Confidence among Britain’s small and medium-sized enterprises (SMEs) has risen to its highest level in over three years, according to the Federation of Small Business’s (FSB) Small Business Index.
Its unique measure of confidence reached 15.9 points in the second quarter of 2013; 9.6 points higher than at the turn of the year and the second highest reading since the Index began in 2010.
Small firms in financial services reported the highest confidence levels, while small manufacturers were also significantly more optimistic about their prospects than previous measures.
With Chancellor, George Osborne delivering his Spending Review this month, the FSB believes now is the ideal time to build on the foundations of these positive figures with fresh initiatives for growth to maintain small business confidence levels and encourage growth.
John Allan, national chairman of the FSB, said: "This is all good news, but we must not be complacent.
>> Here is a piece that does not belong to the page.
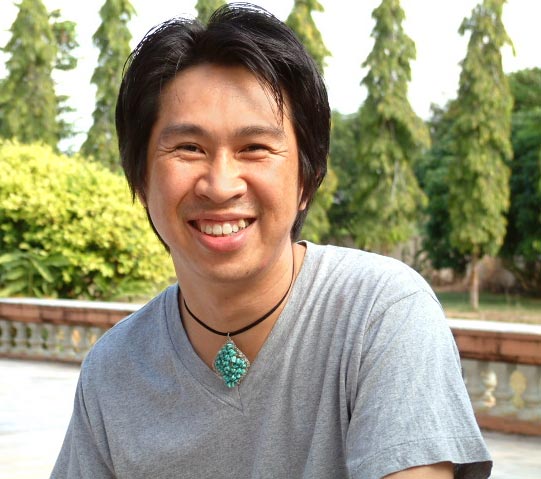 Thai Red Crystal Jewelry Set - Siam Red Reflections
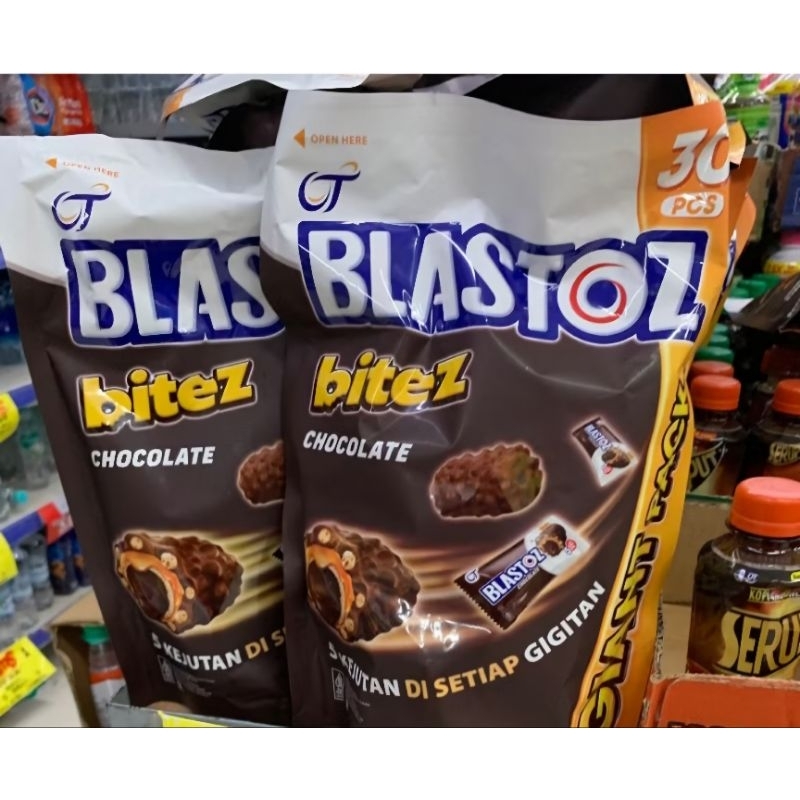 

Blastoz Bitez Wafer Chocolate & Crunchy Nuts Giant Pack 30 x 8g 10 x 8g 12 x 24g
The Chancellor must use the Spending Review to build on this optimism.
"While there are positive signs, inflation and not being able to access finance will affect how quickly, and how much, small firms can grow and create jobs."
The FSB’s report calls for the Government’s Business Bank to improve competition in the banking sector and advise small firms on alternative finance providers.
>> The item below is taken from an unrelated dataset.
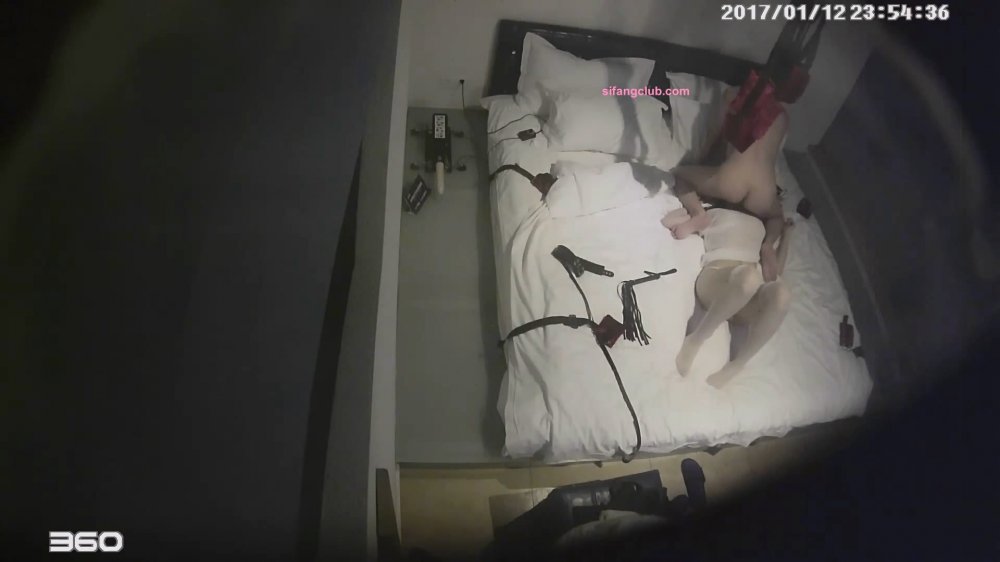 1-13經典酒店偷拍 白絲襪女友被男友用電動棒直插騷逼，然後吊起來操，玩的真過癮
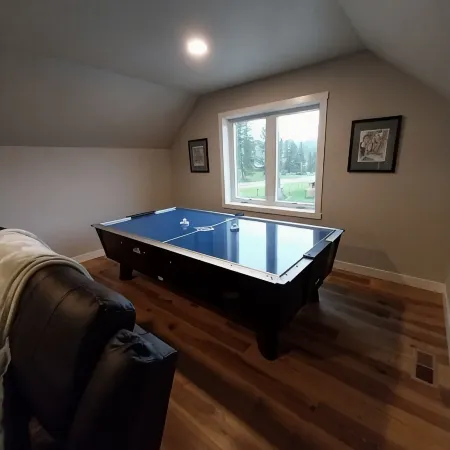 New spacious beautiful Home in enchanting Hill City!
Although Funding for Lending isn’t getting finance to more businesses at present, the lending rates offered are becoming lower.
A significant number of small firms have indicated they expect to increase staffing levels in the next three months, which is likely to be aided by the Enterprise Allowance announcement made at the next Budget, and is due to come into force next year.
More small firms are also reporting a rise in exports – despite slow trade growth globally – and export growth in the UK is expected to improve further in the next quarter.